After a visit to the Piedmont Bird Calling Contest on Friday night, as detailed in my last blog post, my weekend took a more serious turn with performances of The National Theatre of Scotland’s Black Watch at the American Conservatory Theater and Beethoven’s Missa Solemnis and an excerpt from Palestrina’s Missa Papae Marcelli at the San Francisco Symphony.
A few words about each:
First, to Davies Symphony Hall. The combined forces of the San Francisco Symphony and Chorus under the baton of Michael Tilson Thomas made a glittering, robust sound and made much of the whopping contrasts between the epic ensemble sections and the sudden quite moments for solo voice and/or violin and quiet accompaniment. Of the soloists, I was  most moved by the performances by mezzo-soprano Sasha Cooke, who’s warm utterance of “et incarnatus est” in the “Credo” movement transported me, and tenor Michael Fabiano. The high-pitched heroic opening to the mass, which sees the tenor “battling the elements” against full orchestra and chorus was chilling. Hearing this tenor made me wish that I could have been at one of his performances of the Beethoven song cycle “An die ferne Geliebte” last week. The performance was preceded by a warm and emotional performance by the a cappella chorus of the “Kyrie,” “Gloria” and “Agnus Dei” movements from Palestrina’s Missa Papae Marcelli. I tend to prefer Palestrina’s works performed on a slightly smaller scale for the sake of intimacy. There were 120 singers on stage for this rendition and under the circumstances, they made a warm, emotional sound and beautifully captured the contours of Palestrina’s writing. The piece made for a somewhat truncated first part to the concert, and yet helped to draw the link between the high Renaissance style and Beethoven’s use of its modes and moods in his great Missa.

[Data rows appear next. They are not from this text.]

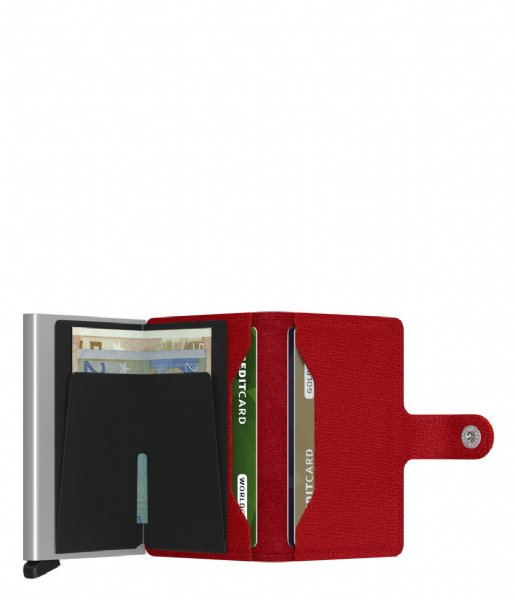 Secrid Card holder Miniwallet Crisple red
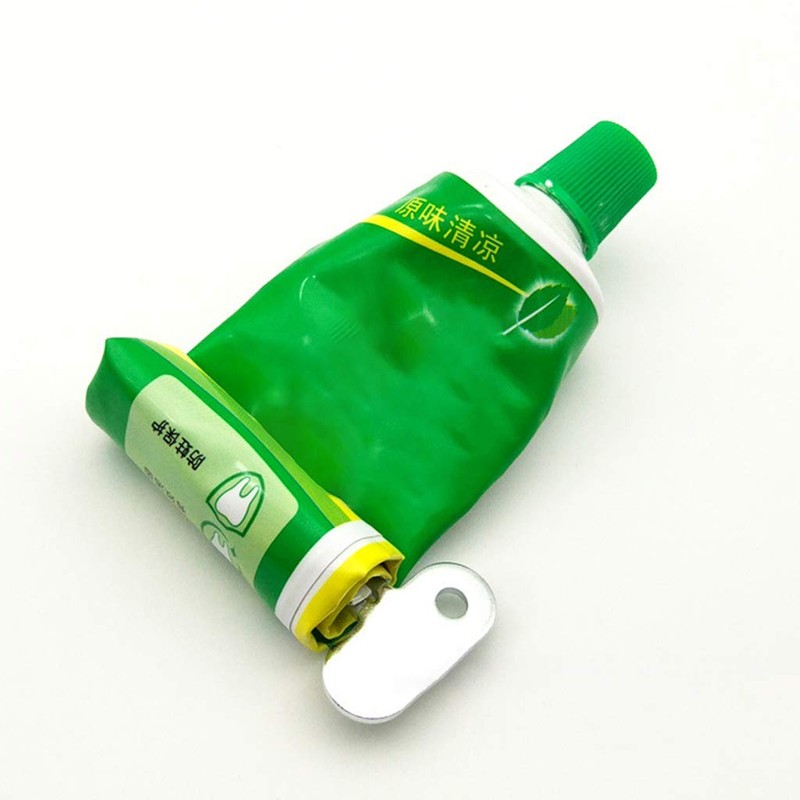 Haiki Toothpaste Squeezer Tube Press Tube Squeezer Stainless Steel Tube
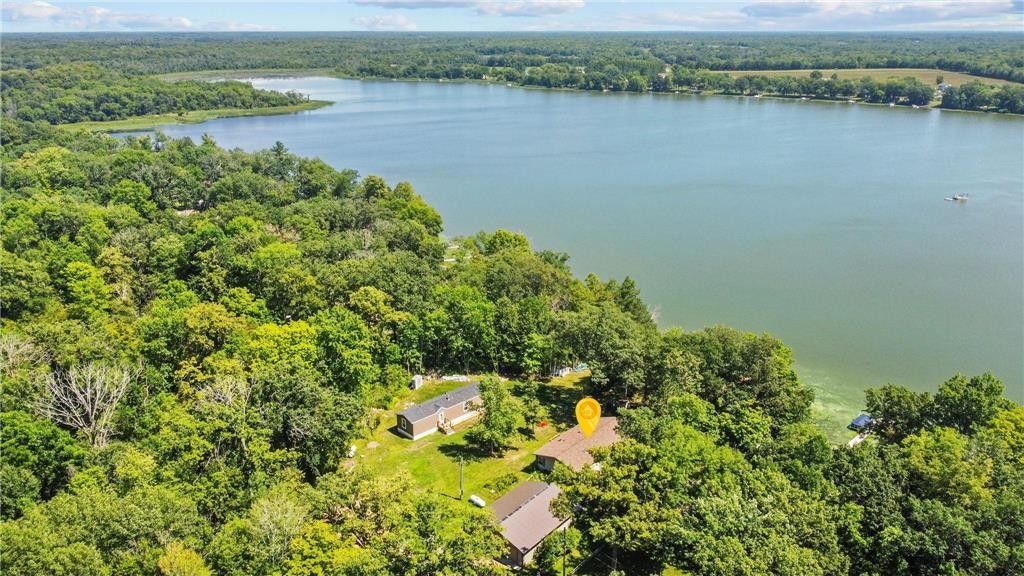 Mora, Kanabec County, MN Lakefront Property, Waterfront Property, House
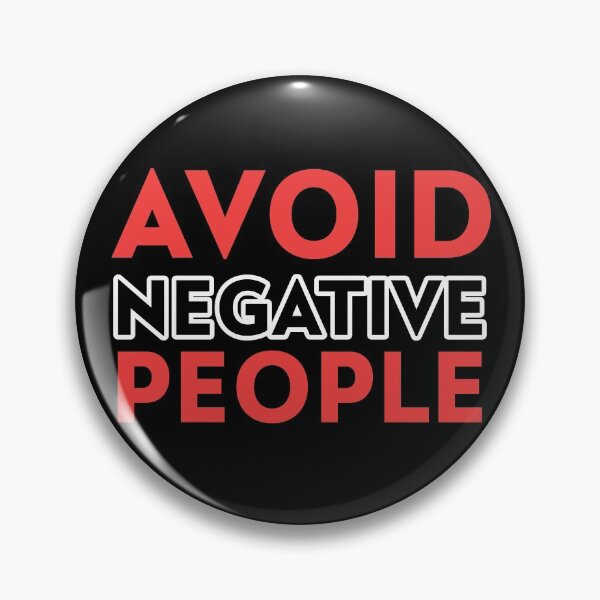 Item preview, Avoid Negative People designed and sold by GeeHanz.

Now for some quick thoughts about Black Watch. It’s so often the case that by the time big touring theatre productions make it to San Francisco they are over. By this, I mean that they’ve been seen by audiences everywhere and written about to death. More often than not, the productions feel stale too. Black Watch, a play about a famous Scottish platoon’s rough time backing up the American army during the war in Iraq, dates back to 2006 and has circumnavigated the globe several times since then. Only now is it reaching our quaint little backwater, imported by the American Conservatory Theater. Yet despite the “yesterday’s news” issue, I found myself quite engrossed by the show. Part of its glow stems from the use of the cavernous, military-historied drill hall of the Mission Armory. Beyond that, the whole thing feels more like a surreal ballet than a play. I found this to be refreshing after sitting through countless more character-focused, narrative-based stories about the war in Iraq. It’s harder to tell a story about an entire platoon on stage than it is to draw people in with a compelling tale about a single person or a couple of people. But playwright Gregory Burke and director John Tiffany manage to do so with humor and pathos. The all-male cast dances and sings during the play, giving it a dream-like quality. Â A passage in which one soldier tells a potted history of the famous 42nd Regiment (aka the Black Watch) while being pushed and lifted around by his colleagues as they use him as a model’s dummy upon which to show off how the battalion’s uniform changed over the centuries. It’s a beautiful, lively sequence. Another amazing moment occurs near the start, when the red-topped pool table upon which soldiers have been playing a game in a bar transforms itself into a bloody womb, out of which two newly-minted soldiers rip and tear their way into the narrative. From that moment we realize that this is no easy birth. Only the framework that surrounds the Iraq story, concerning a researcher collecting information from the members of the platoon for a possible movie project, feels superimposed.